According to the emergency application for an injunction by a group of abortion providers and women’s health advocates, the law would ban 85% of all abortions.
The law is not the first to ban abortions at such an incredibly early time, but it’s the first to employ such a novel method of enforcement, which defies normal methods of appeal.
“The Court’s order is stunning,” Associate Justice Sonia Sotomayor wrote in her dissent. “Presented with an application to enjoin a flagrantly unconstitutional law engineered to prohibit women from exercising their constitutional rights and evade judicial scrutiny, a majority of Justices have opted to bury their heads in the sand.”

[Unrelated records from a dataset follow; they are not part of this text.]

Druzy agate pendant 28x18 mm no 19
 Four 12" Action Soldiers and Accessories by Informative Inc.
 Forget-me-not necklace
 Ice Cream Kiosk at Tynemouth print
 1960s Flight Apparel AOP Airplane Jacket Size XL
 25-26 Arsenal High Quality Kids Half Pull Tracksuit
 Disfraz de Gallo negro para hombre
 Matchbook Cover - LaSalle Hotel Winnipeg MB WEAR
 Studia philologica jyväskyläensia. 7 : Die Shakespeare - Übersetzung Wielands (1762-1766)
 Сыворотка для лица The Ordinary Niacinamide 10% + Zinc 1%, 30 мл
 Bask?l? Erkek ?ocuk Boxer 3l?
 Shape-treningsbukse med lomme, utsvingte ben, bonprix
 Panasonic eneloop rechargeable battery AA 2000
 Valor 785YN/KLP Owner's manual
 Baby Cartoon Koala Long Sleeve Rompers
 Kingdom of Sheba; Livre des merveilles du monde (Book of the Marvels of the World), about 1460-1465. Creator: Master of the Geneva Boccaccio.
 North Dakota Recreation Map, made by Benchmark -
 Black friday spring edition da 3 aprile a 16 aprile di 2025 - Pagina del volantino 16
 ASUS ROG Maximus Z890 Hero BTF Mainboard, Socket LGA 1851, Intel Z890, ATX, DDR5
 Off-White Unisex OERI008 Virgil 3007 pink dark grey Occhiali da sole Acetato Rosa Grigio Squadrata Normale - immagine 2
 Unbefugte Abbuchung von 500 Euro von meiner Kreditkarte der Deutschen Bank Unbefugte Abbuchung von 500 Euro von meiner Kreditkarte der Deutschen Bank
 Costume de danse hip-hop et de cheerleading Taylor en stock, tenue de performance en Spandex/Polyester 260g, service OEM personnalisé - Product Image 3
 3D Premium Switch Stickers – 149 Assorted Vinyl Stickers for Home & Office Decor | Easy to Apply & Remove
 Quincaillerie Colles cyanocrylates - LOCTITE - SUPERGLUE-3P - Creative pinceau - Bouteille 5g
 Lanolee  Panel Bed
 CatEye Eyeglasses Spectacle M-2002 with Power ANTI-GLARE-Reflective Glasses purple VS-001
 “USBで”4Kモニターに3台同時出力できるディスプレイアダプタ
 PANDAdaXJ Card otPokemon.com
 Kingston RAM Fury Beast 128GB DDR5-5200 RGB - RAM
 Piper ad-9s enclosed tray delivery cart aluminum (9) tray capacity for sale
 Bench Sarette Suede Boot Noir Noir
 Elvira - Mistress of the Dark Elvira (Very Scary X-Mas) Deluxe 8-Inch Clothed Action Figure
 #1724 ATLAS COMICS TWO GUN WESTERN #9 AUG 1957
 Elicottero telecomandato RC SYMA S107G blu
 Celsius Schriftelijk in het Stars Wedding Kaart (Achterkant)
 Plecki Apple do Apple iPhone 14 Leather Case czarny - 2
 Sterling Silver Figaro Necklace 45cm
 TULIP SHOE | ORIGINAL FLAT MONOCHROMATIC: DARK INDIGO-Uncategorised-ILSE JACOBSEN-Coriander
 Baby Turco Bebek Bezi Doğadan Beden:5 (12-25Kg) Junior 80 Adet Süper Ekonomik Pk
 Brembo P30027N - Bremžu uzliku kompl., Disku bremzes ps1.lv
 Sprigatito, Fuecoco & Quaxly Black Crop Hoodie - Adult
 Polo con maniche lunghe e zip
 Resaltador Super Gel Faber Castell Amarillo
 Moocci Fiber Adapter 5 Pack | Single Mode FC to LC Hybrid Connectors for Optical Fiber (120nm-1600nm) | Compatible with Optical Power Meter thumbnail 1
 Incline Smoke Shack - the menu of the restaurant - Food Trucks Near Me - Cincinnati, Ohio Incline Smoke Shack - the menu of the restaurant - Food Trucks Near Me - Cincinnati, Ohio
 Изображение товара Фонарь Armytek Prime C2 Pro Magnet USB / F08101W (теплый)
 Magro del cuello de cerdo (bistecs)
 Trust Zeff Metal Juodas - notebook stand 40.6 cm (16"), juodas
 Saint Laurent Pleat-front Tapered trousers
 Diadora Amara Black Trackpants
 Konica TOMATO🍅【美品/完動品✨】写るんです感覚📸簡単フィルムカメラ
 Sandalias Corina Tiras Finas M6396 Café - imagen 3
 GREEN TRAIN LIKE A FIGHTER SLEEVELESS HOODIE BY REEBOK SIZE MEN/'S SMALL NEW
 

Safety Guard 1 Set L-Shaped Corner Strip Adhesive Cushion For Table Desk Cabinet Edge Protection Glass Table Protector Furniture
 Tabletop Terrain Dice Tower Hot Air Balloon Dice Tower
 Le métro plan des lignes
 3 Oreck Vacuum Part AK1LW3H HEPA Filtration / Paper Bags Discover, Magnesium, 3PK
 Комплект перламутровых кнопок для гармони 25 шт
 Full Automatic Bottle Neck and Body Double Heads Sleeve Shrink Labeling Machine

“We are devastated that the Supreme Court has refused to block a law that blatantly violates Roe v. Wade,” Nancy Northup, president and chief executive of the Center for Reproductive Rights (CRR), one of the groups that brought the case to the Supreme Court, said in a Thursday statement. The 1973 Roe decision made abortion a legal right across the United States, creating a structure ostensibly preventing abortion from being regulated to such an extent as to create an undue burden.
“Right now, people seeking abortion across Texas are panicking. They have no idea where or when they will be able to get an abortion, if ever. Texas politicians have succeeded for the moment in making a mockery of the rule of law,” she added.
Women’s health advocates also fear the court decision sets the tone for another upcoming case brought by Mississippi to be heard by the court later this year, Jackson Women’s Health Organization v. Dobbs, in which the Magnolia State explicitly asks for Roe v. Wade to be overturned.
In the wake of the decision, House Speaker Nancy Pelosi (D-CA) pledged that when lawmakers return from their summer recess on September 20, “the House will bring up Congresswoman Judy Chu’s Women’s Health Protection Act to enshrine into law reproductive health care for all women across America.”
Ana Santoyo, a writer at Breaking the Chains magazine, told Radio Sputnik’s By Any Means Necessary on Thursday that the law won’t and can’t ban abortions - it will just ban safe abortions.
“This would make it impossible for people to access abortion in Texas and will inevitably force people to travel great distances to receive the necessary care or access less safe underground services. So, abortions will happen regardless of this law,” Santoyo told hosts Sean Blackmon and Jacquie Luqman. “What they are doing is actually taking away the legality and safety of it, which will kill women and all those seeking abortion care.”
“It points to the chipping away of women’s rights or anyone seeking an abortion and other reproductive justice that people are organizing and fighting for,” she said, noting that the court is capable of acting quickly when it wants to, such as when it recently struck down the federal eviction moratorium in a similar overnight shadow docket ruling. “That points to [the fact that] we really need a new system that is in the interests of the working class and poor people that are fighting back for their rights.”